Everybody was lapping it up, including, unfortunately, the bookies. But except for rumours and coffeeshop talk, no newspaper had carried anything concrete on the match-fixing menace – until the Malaysia Cup final of 1981. That was when we got our big break and the bullet.

The break came in the form of Singapore national coach Jita Singh who was brave enough to speak to us when his team, cited as the overwhelming favourites to win the Cup that year by the Press and  pundits on both sides of the Causeway, went down tamely by 4-0 to Selangor.

Jita told me after the match that he was warned the night before the final that five of his key players had sold the match.  The anonymous caller even named the five players. But Jita said there was no way he could have dropped all five at that late stage.

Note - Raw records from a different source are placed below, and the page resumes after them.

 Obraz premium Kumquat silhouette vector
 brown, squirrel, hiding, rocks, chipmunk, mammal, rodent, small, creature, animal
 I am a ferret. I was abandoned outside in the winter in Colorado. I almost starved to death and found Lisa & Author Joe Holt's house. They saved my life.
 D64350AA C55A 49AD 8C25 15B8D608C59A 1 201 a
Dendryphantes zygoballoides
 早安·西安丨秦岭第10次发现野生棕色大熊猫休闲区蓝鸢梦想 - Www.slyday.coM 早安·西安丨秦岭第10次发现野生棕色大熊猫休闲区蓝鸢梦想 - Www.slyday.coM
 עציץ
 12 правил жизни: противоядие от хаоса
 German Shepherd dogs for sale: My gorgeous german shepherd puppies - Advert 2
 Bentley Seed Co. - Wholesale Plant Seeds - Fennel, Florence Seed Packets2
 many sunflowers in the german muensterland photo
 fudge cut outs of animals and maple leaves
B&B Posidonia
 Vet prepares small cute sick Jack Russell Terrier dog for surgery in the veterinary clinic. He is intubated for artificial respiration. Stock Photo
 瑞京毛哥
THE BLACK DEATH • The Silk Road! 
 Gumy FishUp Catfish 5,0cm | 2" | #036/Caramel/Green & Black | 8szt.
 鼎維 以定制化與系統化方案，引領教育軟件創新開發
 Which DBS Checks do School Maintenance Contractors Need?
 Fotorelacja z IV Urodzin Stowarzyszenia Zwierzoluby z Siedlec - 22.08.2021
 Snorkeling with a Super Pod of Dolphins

Sure enough, Jita noticed during the match that the five players were playing one of their worst games ever and their showing couldn’t be attributed to Cup final jitters because all were very seasoned campaigners.

Splashed across the front page of the Sports Mirror that week was a 90-point banner heading in bold letters: MALAYSIA CUP FINAL FIXED?

We followed up that breakthrough by interviewing the likes of the late Mokhtar Dahari, Shukor Salleh, Bakri Ibni and few other lesser known state players who admitted they had been offered money to throw matches.

The then Selangor manager, Mazlan Harun, even told us he had initiated his own investigation, cornered a bookie and got an admission out of him. From that admission he confronted a few of his Selangor players and they confessed in writing that they had indeed been on the take and asked for his forgiveness.

It was shortly after the publication of these stories that I walked into the office one day and was told a white envelope containing a bullet had found its way into our office. There was no name on the envelope, neither was there any note attached.

As this happened quite a long time ago, I vaguely remember us wondering what that bullet was all about and even having a good laugh about it, not actually realising it was a warning to us to stop writing about bribery in football.

As it was an unprecedented happening in our profession at the time, we took no heed of the sinister message behind the bullet and were happy to keep doing what we were doing. The bullet, I think, ended up in someone’s drawer in the office.

It was only much later that we actually realised the significance of that bullet and intrepid journalist R. Nadeswaran even wrote about it in his widely followed column Citizen Nades.

Fast forward to 1994, and I had another ugly encounter as a result of my writing. This one was more direct and much scarier as my family was right in the middle of the threat.

My home was attacked by some people who threw stones and smashed my kitchen windows. Attached to the stones were notes with death threats, warning me to stop writing if I wanted to live. I had an inkling of which article had led to the attack and who I had offended. But, of course, I couldn’t know for sure.

We were in constant fear then. To make matters worse, my wife was pregnant with our second child. Datuk A. Kadir Jasin, the Group Editor-in-Chief of the New Straits Times then, was kind enough to assign company security guards to our house.

Unable to attack our house, they came after me. It happened after an especially long day at the office, around 4 o’clock in the morning. I was already the Malay Mail Editor and keeping such late hours was pretty normal.

I was driving along Jalan Setapak heading home to Taman Melawati when a red Proton suddenly came screeching by at speed, trying to force me off the road. I hit the brakes and swerved to the side of the road as the red Proton raced away. In the panic, confusion and anger, I failed to get the plate number of the car.

It wasn’t until after I went to see the then IGP, Tan Sri Rahim Noor, that that ugly episode ended. It was Datuk Kadir who suggested I see Tan Sri Rahim with the then Malay Mail news editor, the late K. Bala. To Tan Sri Rahim’s credit, that same night he sent two patrol cars to my house and I noticed they kept making their rounds around my house the following few nights.